*What you are asked to do*: All lines from the one holding "Stock Photography - Woman" to the end of the listing are to be output exactly, both ends included, with any pictures left out.
━━━━━━━━━━━━━━━━
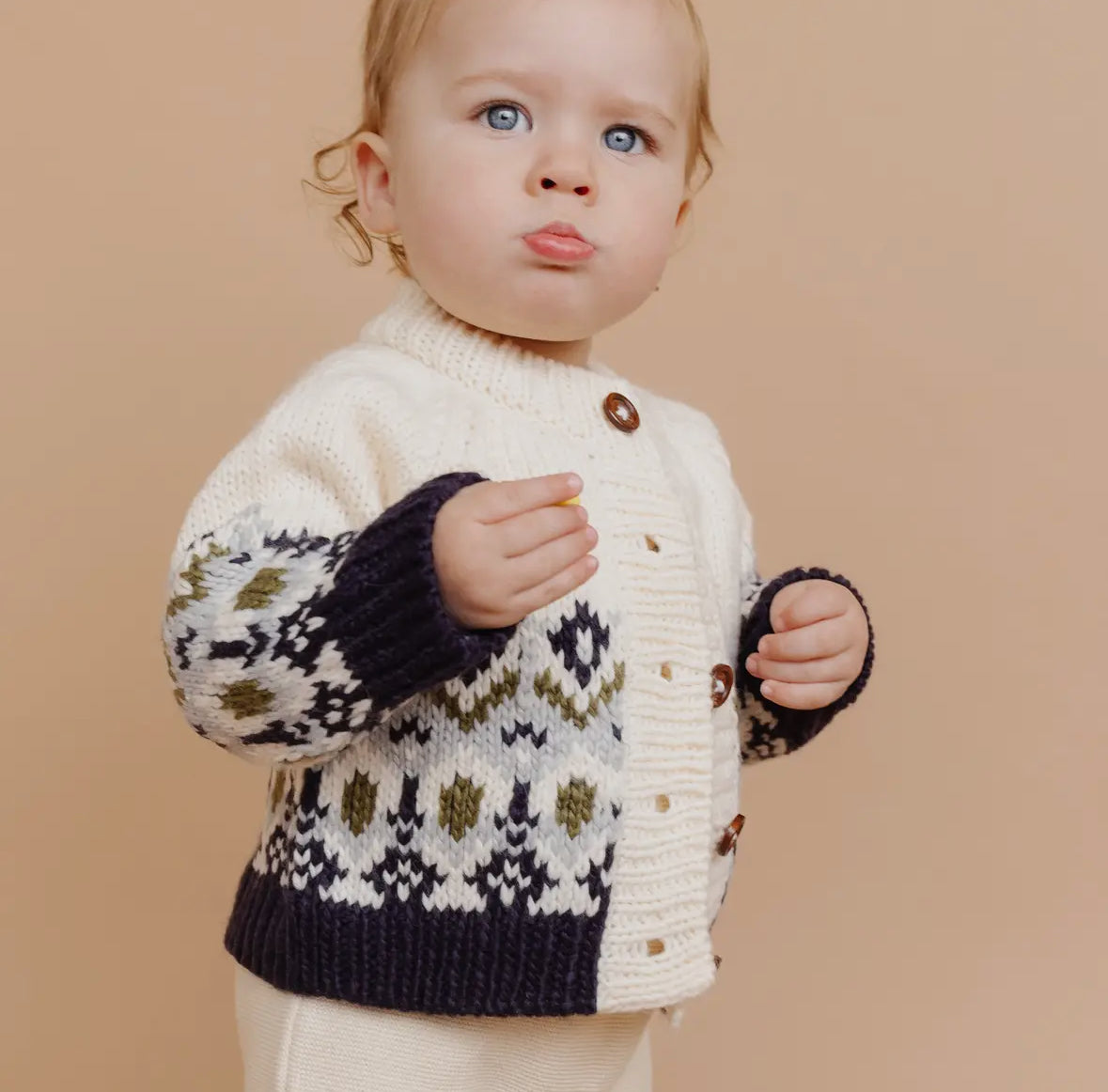 Child wearing a patterned sweater from The Blueberry Hill against a beige background. 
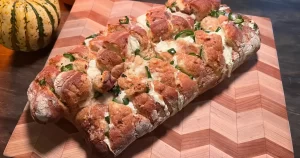 Rustic Jalapeno Garlic Cheese Bread on a board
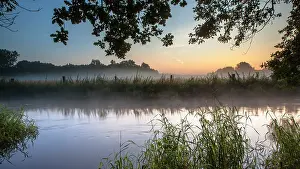 Twente: View of River Dinkel in Twente on an early summer morning with haze over the water surface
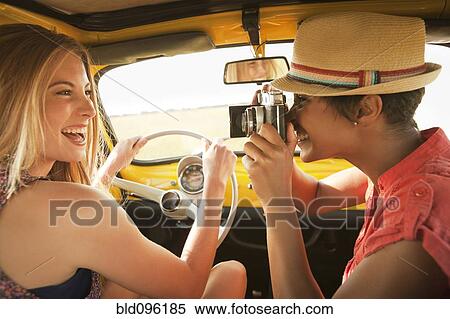 Stock Photography - Woman taking picture of friend driving old-fashioned car. Fotosearch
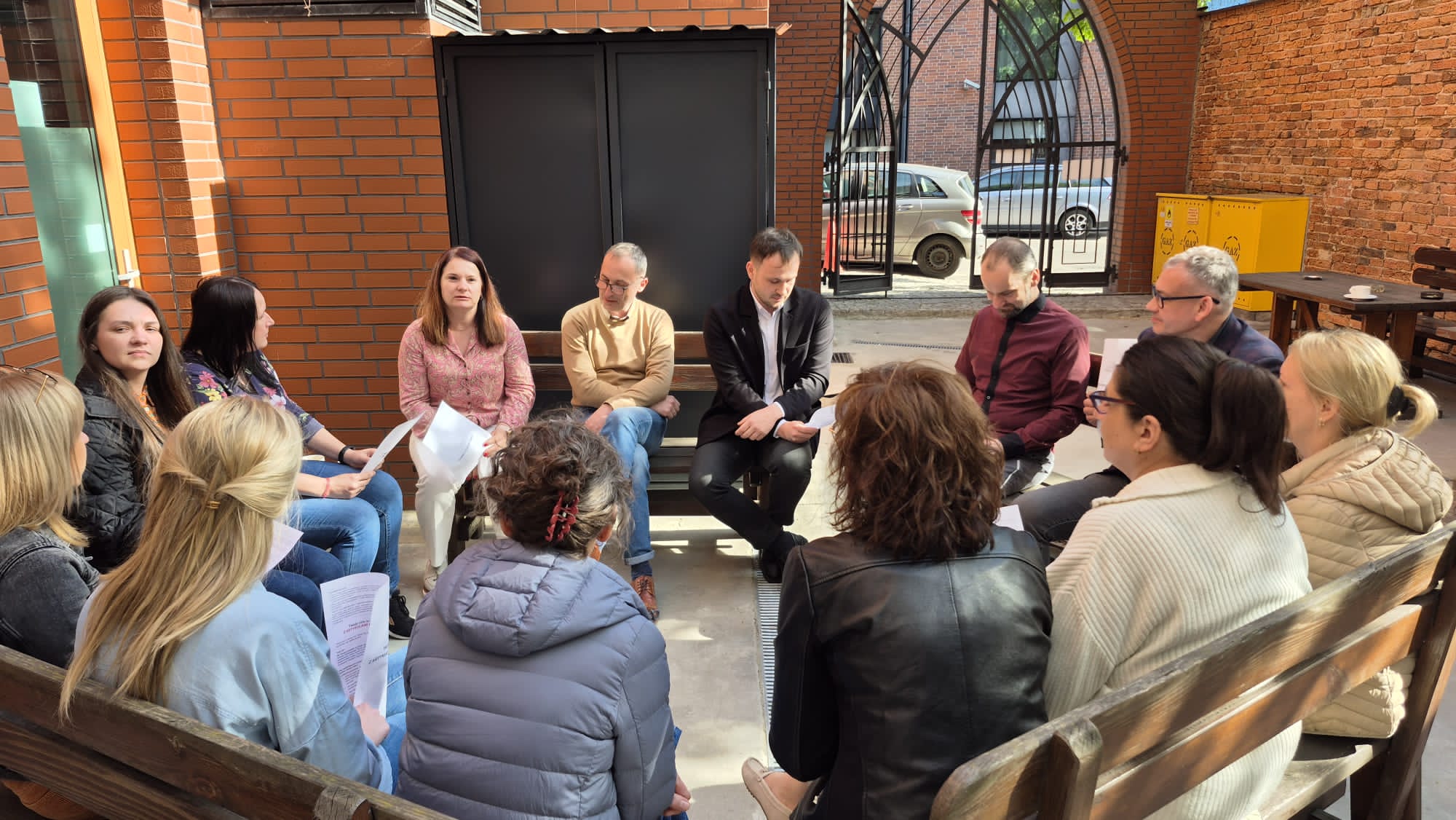 Grupa ludzi siedząca na podwórku na ławkach ułożonych w koło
━━━━━━━━━━━━━━━━
*Result for this exercise*:
 Stock Photography - Woman taking picture of friend driving old-fashioned car. Fotosearch
 Grupa ludzi siedząca na podwórku na ławkach ułożonych w koło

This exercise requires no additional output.